◆ **WHAT YOU HAVE TO DO**
Please write out, exactly as given, every line of the entries below up to and including the line with "Leggings Patrón de cascos azules en blanco".

[Short text fragments from websites]
%%
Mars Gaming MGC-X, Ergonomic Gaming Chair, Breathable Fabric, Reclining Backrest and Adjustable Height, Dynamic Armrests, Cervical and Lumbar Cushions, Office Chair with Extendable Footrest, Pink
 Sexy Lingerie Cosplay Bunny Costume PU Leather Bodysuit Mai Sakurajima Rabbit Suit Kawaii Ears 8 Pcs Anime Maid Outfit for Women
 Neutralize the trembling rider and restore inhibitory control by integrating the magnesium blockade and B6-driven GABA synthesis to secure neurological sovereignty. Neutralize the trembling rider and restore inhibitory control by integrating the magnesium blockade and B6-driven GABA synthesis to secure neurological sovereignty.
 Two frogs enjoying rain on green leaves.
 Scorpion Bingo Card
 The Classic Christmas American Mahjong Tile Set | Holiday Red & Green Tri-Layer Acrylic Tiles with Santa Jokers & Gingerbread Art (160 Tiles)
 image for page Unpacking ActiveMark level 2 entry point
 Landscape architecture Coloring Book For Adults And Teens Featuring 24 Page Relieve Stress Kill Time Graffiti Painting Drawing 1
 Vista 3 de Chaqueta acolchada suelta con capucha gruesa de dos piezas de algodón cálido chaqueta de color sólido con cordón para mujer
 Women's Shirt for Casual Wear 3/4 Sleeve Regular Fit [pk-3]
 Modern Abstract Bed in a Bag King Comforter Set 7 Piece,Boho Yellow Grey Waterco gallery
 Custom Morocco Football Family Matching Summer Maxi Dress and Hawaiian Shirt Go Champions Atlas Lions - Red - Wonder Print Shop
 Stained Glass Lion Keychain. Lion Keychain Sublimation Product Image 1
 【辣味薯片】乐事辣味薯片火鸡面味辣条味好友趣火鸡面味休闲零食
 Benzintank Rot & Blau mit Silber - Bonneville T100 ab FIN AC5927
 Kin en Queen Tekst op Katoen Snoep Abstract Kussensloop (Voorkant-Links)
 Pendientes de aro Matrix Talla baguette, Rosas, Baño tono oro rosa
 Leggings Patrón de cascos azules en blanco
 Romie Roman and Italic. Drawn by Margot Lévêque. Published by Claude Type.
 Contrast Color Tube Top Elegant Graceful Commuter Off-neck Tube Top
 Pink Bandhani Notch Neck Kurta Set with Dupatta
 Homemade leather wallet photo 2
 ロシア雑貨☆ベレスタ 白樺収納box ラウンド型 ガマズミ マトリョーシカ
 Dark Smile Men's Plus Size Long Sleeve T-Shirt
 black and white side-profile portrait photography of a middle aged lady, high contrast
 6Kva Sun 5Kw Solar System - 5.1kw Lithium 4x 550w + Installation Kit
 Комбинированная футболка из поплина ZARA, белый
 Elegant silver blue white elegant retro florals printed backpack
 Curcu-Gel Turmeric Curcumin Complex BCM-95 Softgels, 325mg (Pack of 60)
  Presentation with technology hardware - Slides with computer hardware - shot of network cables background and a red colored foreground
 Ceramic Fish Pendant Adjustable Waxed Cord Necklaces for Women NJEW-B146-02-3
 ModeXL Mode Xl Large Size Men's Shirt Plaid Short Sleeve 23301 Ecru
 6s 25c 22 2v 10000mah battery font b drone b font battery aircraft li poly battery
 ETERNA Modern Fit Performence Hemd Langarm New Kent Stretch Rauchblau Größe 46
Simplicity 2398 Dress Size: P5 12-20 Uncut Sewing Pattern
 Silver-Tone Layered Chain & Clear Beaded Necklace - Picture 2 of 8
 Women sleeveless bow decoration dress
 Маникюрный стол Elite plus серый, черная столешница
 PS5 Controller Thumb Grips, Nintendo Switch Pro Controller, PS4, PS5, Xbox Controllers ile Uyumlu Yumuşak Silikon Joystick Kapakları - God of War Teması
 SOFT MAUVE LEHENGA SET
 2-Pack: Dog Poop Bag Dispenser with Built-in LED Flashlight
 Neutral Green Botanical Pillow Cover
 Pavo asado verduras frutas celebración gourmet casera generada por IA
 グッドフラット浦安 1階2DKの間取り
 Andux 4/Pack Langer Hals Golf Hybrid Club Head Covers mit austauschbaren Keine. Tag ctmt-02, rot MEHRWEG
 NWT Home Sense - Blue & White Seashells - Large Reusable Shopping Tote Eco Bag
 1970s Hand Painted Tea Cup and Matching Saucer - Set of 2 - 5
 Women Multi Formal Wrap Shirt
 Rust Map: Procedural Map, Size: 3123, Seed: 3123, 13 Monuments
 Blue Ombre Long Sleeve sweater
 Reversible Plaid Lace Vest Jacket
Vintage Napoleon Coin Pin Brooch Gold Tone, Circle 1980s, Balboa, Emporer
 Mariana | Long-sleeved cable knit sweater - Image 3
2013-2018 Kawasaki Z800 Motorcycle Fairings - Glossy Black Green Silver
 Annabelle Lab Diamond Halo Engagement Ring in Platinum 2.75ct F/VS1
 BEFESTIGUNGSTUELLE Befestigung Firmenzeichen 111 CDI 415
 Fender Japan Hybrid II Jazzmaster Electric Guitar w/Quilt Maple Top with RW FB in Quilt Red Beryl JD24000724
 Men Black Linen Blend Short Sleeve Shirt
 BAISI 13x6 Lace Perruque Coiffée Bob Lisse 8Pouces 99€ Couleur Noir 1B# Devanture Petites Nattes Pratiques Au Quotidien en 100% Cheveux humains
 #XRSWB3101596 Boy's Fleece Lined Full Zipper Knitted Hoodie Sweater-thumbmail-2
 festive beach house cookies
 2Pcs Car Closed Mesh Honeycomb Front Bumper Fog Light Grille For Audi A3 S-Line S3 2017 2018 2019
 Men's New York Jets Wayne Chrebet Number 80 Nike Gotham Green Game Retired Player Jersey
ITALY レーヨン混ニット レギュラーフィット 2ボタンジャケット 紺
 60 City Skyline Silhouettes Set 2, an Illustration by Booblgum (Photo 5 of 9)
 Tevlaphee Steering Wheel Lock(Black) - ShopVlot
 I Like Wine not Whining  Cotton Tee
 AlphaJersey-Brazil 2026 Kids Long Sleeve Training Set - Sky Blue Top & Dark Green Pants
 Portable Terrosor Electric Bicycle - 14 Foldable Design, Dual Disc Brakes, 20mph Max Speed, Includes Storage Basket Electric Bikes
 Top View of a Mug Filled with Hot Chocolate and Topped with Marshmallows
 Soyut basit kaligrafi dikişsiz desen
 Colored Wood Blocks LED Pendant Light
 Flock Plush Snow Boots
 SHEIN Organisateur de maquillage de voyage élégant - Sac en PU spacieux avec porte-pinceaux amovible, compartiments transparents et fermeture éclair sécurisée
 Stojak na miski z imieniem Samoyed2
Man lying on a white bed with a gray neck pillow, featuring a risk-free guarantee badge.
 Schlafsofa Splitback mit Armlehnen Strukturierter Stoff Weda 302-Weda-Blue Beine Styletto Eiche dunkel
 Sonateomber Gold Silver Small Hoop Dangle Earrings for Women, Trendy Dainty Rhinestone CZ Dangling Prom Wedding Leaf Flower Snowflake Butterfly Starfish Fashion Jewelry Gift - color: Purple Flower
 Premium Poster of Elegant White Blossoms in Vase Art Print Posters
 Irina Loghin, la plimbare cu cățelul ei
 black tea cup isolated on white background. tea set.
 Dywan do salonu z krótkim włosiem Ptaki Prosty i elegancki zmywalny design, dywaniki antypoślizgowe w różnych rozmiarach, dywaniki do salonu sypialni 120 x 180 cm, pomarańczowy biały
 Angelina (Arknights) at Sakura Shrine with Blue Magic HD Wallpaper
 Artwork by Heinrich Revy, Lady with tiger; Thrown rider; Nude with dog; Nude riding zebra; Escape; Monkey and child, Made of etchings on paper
%%
◆ **ANSWER BOX**
Mars Gaming MGC-X, Ergonomic Gaming Chair, Breathable Fabric, Reclining Backrest and Adjustable Height, Dynamic Armrests, Cervical and Lumbar Cushions, Office Chair with Extendable Footrest, Pink
 Sexy Lingerie Cosplay Bunny Costume PU Leather Bodysuit Mai Sakurajima Rabbit Suit Kawaii Ears 8 Pcs Anime Maid Outfit for Women
 Neutralize the trembling rider and restore inhibitory control by integrating the magnesium blockade and B6-driven GABA synthesis to secure neurological sovereignty. Neutralize the trembling rider and restore inhibitory control by integrating the magnesium blockade and B6-driven GABA synthesis to secure neurological sovereignty.
 Two frogs enjoying rain on green leaves.
 Scorpion Bingo Card
 The Classic Christmas American Mahjong Tile Set | Holiday Red & Green Tri-Layer Acrylic Tiles with Santa Jokers & Gingerbread Art (160 Tiles)
 image for page Unpacking ActiveMark level 2 entry point
 Landscape architecture Coloring Book For Adults And Teens Featuring 24 Page Relieve Stress Kill Time Graffiti Painting Drawing 1
 Vista 3 de Chaqueta acolchada suelta con capucha gruesa de dos piezas de algodón cálido chaqueta de color sólido con cordón para mujer
 Women's Shirt for Casual Wear 3/4 Sleeve Regular Fit [pk-3]
 Modern Abstract Bed in a Bag King Comforter Set 7 Piece,Boho Yellow Grey Waterco gallery
 Custom Morocco Football Family Matching Summer Maxi Dress and Hawaiian Shirt Go Champions Atlas Lions - Red - Wonder Print Shop
 Stained Glass Lion Keychain. Lion Keychain Sublimation Product Image 1
 【辣味薯片】乐事辣味薯片火鸡面味辣条味好友趣火鸡面味休闲零食
 Benzintank Rot & Blau mit Silber - Bonneville T100 ab FIN AC5927
 Kin en Queen Tekst op Katoen Snoep Abstract Kussensloop (Voorkant-Links)
 Pendientes de aro Matrix Talla baguette, Rosas, Baño tono oro rosa
 Leggings Patrón de cascos azules en blanco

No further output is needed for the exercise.